## ASSIGNMENT
Could you repeat all of the entries exactly, leaving out any pictures?
□ □ □ □ □
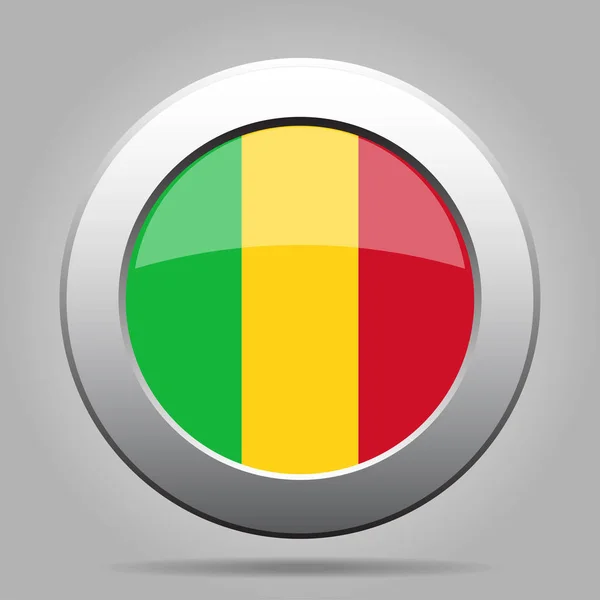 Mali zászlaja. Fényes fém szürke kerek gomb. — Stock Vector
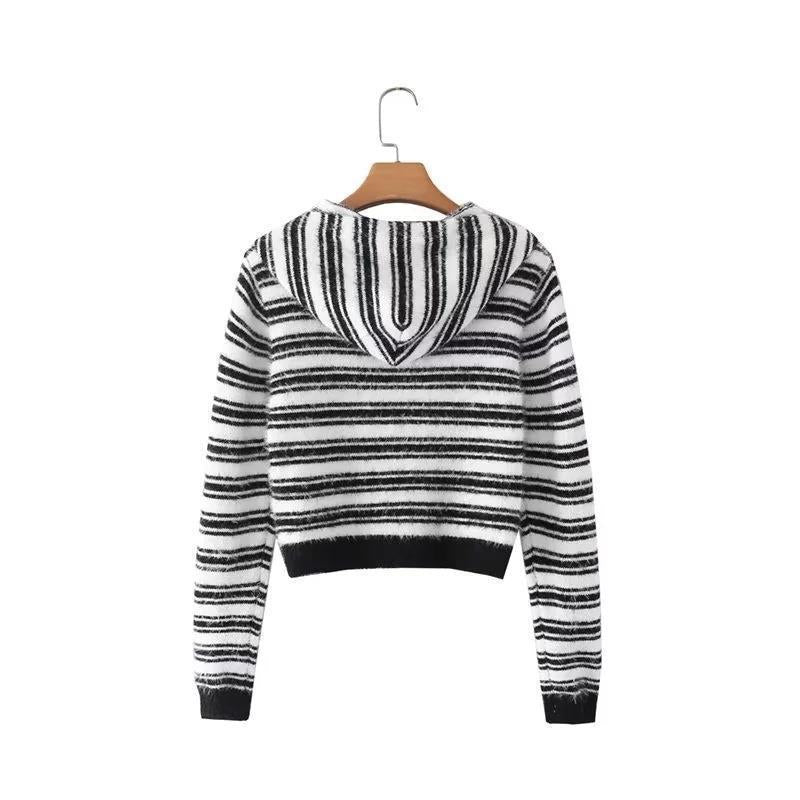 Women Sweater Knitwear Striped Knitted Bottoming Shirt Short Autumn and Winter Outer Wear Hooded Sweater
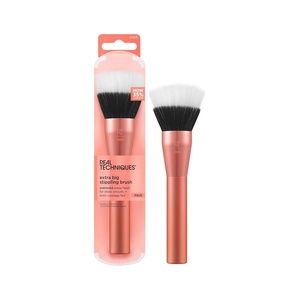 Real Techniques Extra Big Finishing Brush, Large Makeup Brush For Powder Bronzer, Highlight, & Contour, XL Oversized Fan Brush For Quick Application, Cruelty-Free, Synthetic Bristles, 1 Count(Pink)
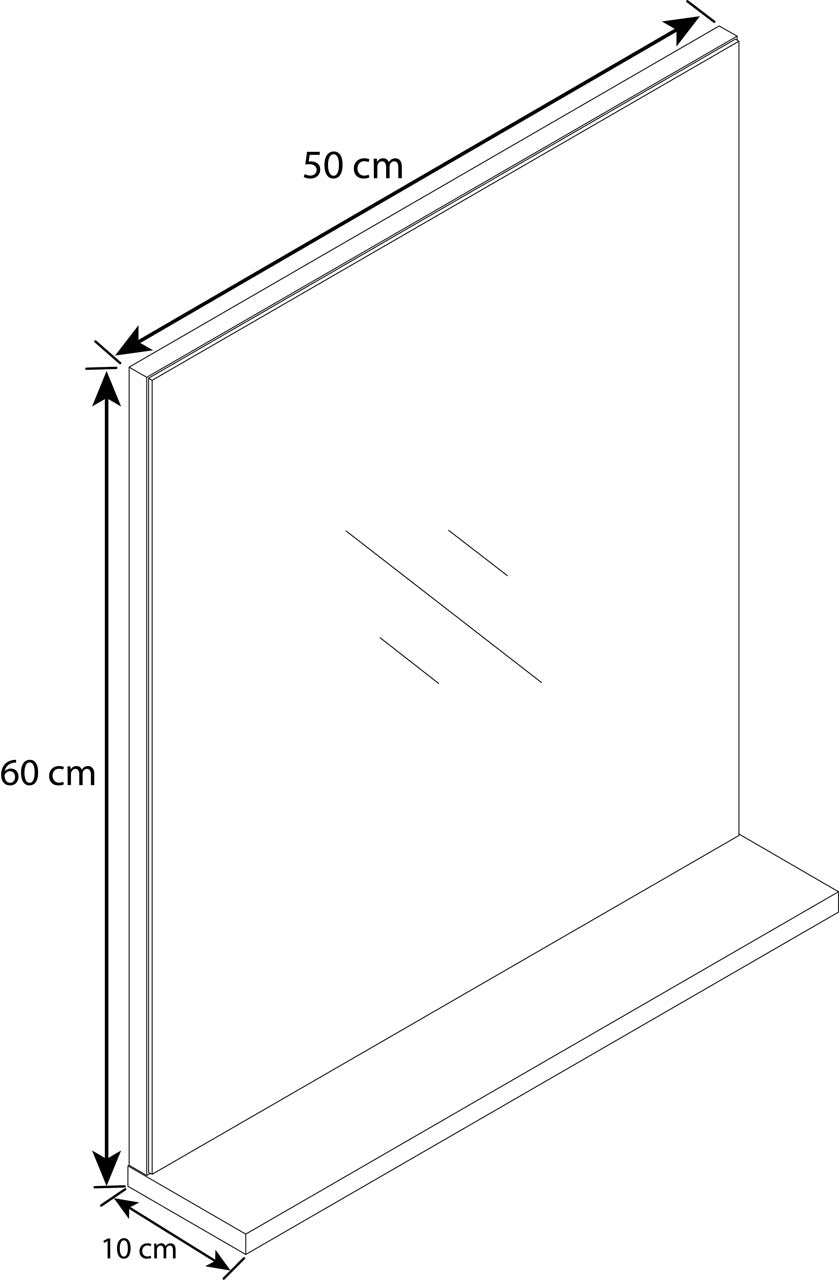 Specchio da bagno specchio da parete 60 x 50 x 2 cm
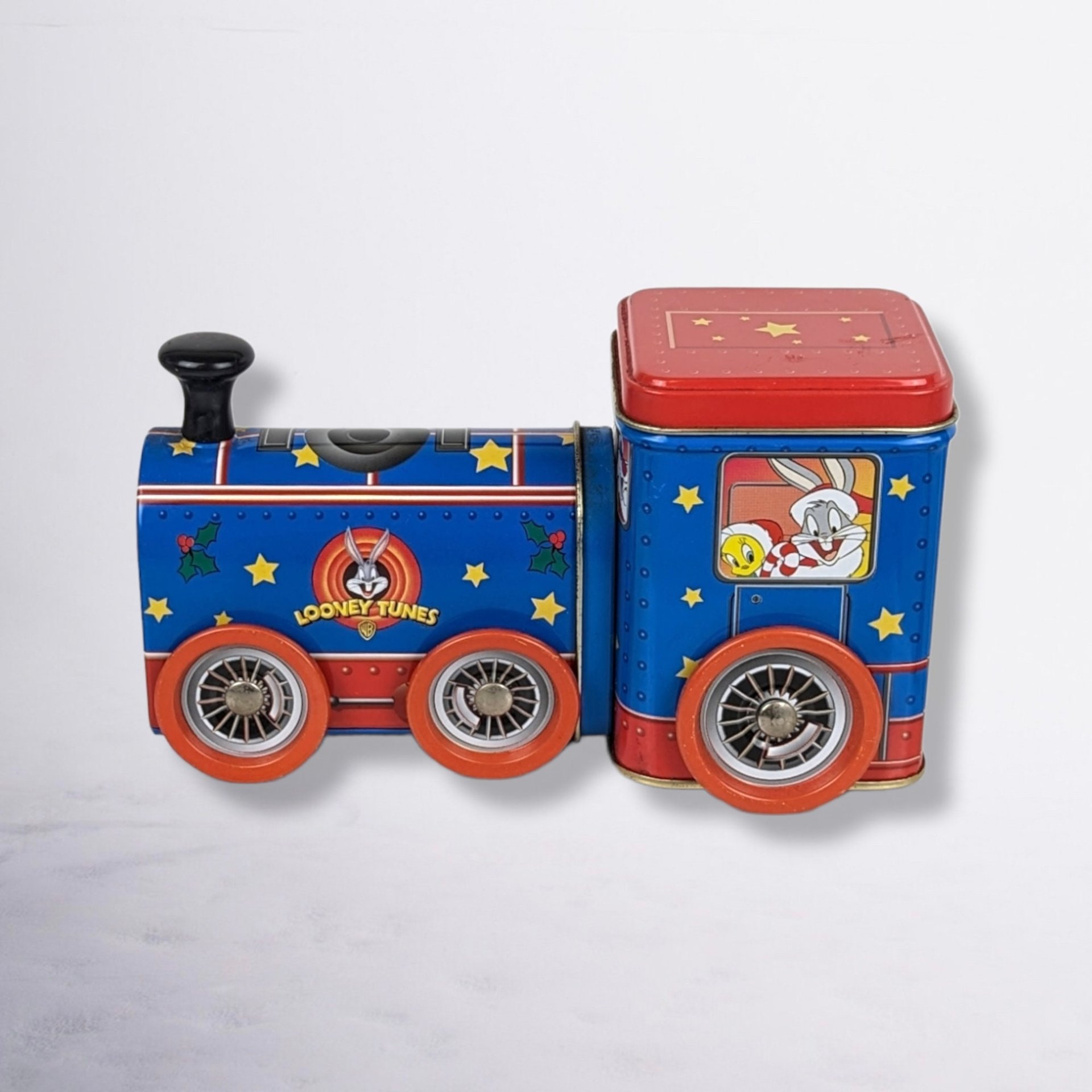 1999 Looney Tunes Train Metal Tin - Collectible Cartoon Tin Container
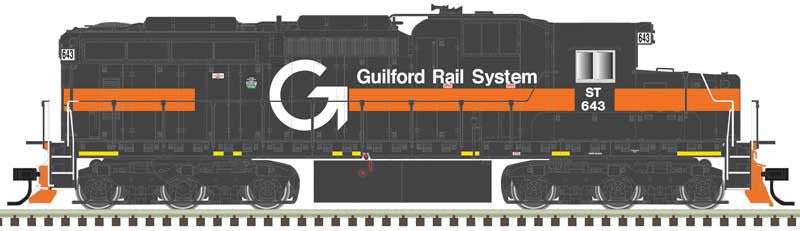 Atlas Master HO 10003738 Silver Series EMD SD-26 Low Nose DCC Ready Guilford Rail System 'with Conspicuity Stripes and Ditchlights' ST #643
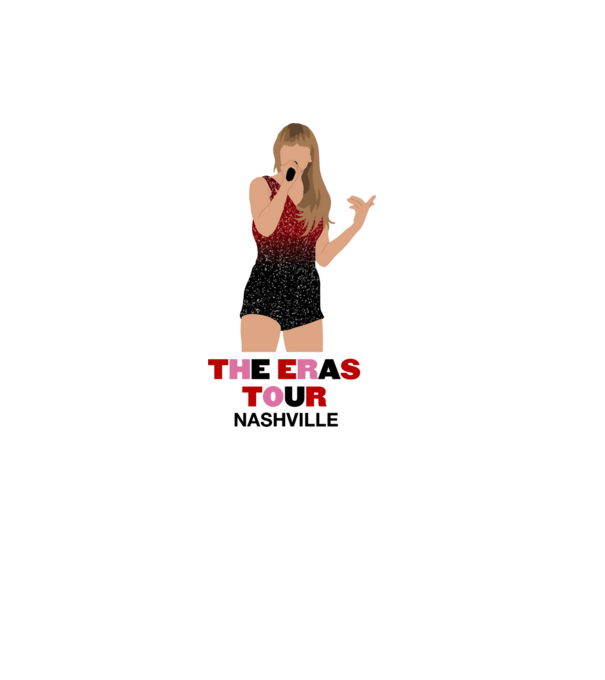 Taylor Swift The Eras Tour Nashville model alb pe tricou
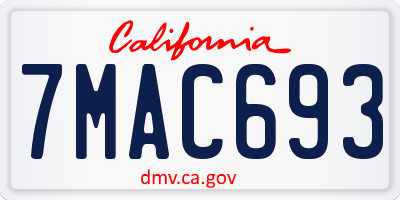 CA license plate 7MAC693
□ □ □ □ □
## EXPECTED ANSWER
 Mali zászlaja. Fényes fém szürke kerek gomb. — Stock Vector
 Women Sweater Knitwear Striped Knitted Bottoming Shirt Short Autumn and Winter Outer Wear Hooded Sweater
 Real Techniques Extra Big Finishing Brush, Large Makeup Brush For Powder Bronzer, Highlight, & Contour, XL Oversized Fan Brush For Quick Application, Cruelty-Free, Synthetic Bristles, 1 Count(Pink)
 Specchio da bagno specchio da parete 60 x 50 x 2 cm
 1999 Looney Tunes Train Metal Tin - Collectible Cartoon Tin Container
 Atlas Master HO 10003738 Silver Series EMD SD-26 Low Nose DCC Ready Guilford Rail System 'with Conspicuity Stripes and Ditchlights' ST #643
 Taylor Swift The Eras Tour Nashville model alb pe tricou
 CA license plate 7MAC693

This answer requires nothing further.